The Republicans’ Senate victory offers Israeli Prime Minister Benjamin Netanyahu new hope for outmaneuvering President Barack Obama on Iran; in the coming weeks, he could use a Republican-led Congress to sabotage negotiations with the Islamic Republic on its nuclear program. But the victory would be short-lived. By scuttling the talks, Netanyahu could empower Iran’s hardliners.
By now, it is clear that Israel’s current Iran strategy—bluffing war to push the world to ratchet up the economic siege on Iran—is no longer working. “Chickenshit-gate,” revelations that a senior Obama administration official had privately stated that Netanyahu does not have what it takes to take on Iran, leaves little doubt about that.
To be sure, that doesn’t mean that Israel’s strategy has accomplished nothing. For one, it was Israel that, in 1992–3, first turned the world’s focus toward Iran and its nuclear program. Under the leadership of Yitzhak Rabin and Shimon Peres, Israel launched a campaign to depict Iran as a global threat because of its ideology and its nuclear program. At the time, the New York Times described the campaign as “perplexing,” since it had been Rabin and Peres who, during Iran-Contra only a few years earlier, had pushed the United States to talk to Iran, ignore Tehran’s venomous anti-Israeli rhetoric, and sell arms to the country.
Israel’s apparent aim was to sound alarm bells about Iran’s nuclear program and convince the world that the country was a global problem—not just an Israeli one. The ultimate goal was to either put Iran under permanent economic sanctions that would cripple its economy and undermine it as a regional player or to compel the United States to take military action against Iran. Or both. Ultimately, Israel partially succeeded. The United States intensified its focus on Iran, placed numerous crippling sanctions on the country, and threatened Tehran with military attack.
If one accepts Israel’s assumptions about Iran—that the regime in Tehran is incapable of reforming, that moderate elements (if they even exist) wield no power, and that Iran’s ideological tenets preclude any accommodation between Iran and Israel—then Israel’s policy makes sense. According to this line of thought, a diplomatic agreement over the nuclear program would legitimize Iran as a threshold state and reduce U.S.-Iranian tensions without resolving the problems between Iran and Israel. In effect, the Jewish state would be “abandoned” to face Tehran alone.

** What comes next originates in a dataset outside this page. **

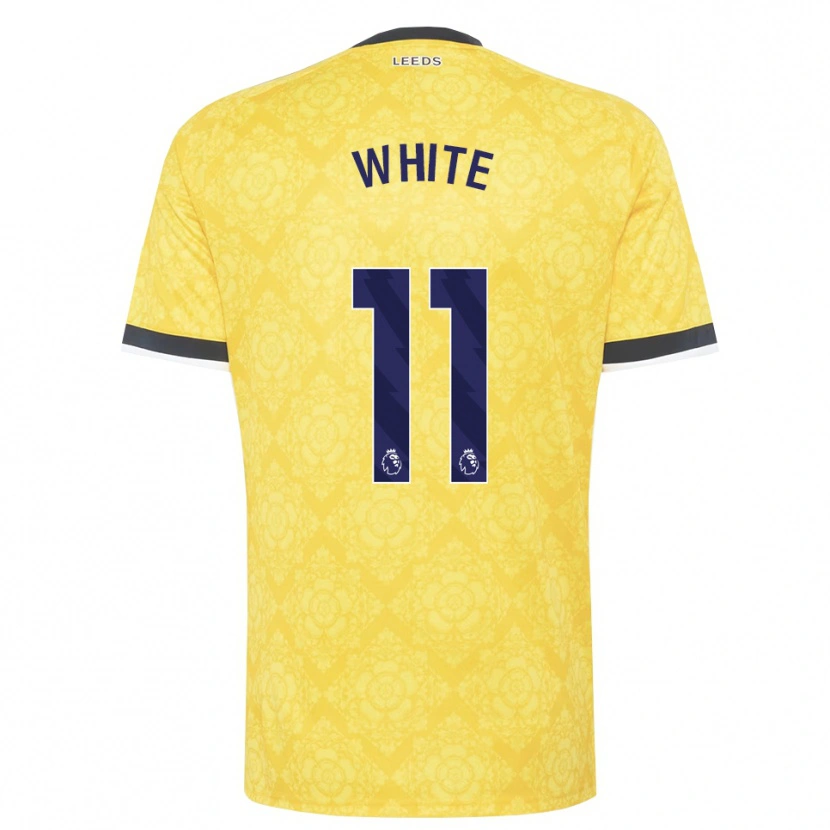 Danxen Mulher Camisola Logan White #11 Amarelo Branco Preto Alternativa 2026/27 Camisa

To prevent such an outcome, Israel has tried to hinder diplomatic efforts by pushing for unrealistic demands during negotiations, threatening military action whenever the United States hints at a compromise, and helping to impose next-to-irreversible sanctions on Iran. Over the last year, the cost of that strategy has grown as the Obama White House has become more frustrated with its ally. They have nevertheless remained quite limited.
With Republicans now in control of Congress, Israel’s concerns will fall on more receptive ears. But that could spell more trouble than Israel expects. If the P5+1 (the permanent members of the UN Security Council and Germany) and Iran reach an agreement on Iran’s nuclear program by the November 24 deadline, any continued effort to oppose the agreement would no longer be just toughness on Iran. It would also be directly against the United States.
The Netanyahu government could ally with Senate Republicans to scuttle any deal, and, in that, he would likely succeed. Absent a permanent lifting of the relevant U.S. sanctions on Iran—which would require an act of Congress—the agreement would never hold. But at that point, the cost of undermining the Obama administration would be monumentally higher than it has been thus far. To work with Congress to undermine the agreement after it has been signed would only give credence to the Iranian narrative: The real problem is not Iran’s nuclear program but Israel and the U.S. Congress’ appetite for conflict.
The international consensus against Iran that the Obama administration painstakingly built would, at best, fall apart and, at worst, turn into a consensus against the United States. The international community—Israel and Saudi Arabia notwithstanding—overwhelmingly want a nuclear deal. Sanctions have been difficult for Iran, but they have also imposed significant costs on the sanctioning countries. (The United States alone has lost between $135–175 billion in export revenues as a result of sanctions.) Consequently, if Congress rejects sanctions relief, the sanctions regime against Iran would start to crumble.
Nothing would make hardliners in Iran happier. The Hassan Rouhani government would look bad for negotiating a failed compromise, Tehran would find itself no longer bound by the constraints imposed on its nuclear program through the scuttled deal, and the international sanctions regime would collapse—all without Iran having made any nuclear concessions.
Israel may dislike Obama’s negotiations with Iran. But once a deal has been struck, there will come a tipping point at which the cost of opposing it will outweigh the cost the deal itself imposes on Israel. Despite Netanyahu’s likely excitement over the Republican Senate victory, it’s time to take a time out on Iran and on the showdown with the Obama administration.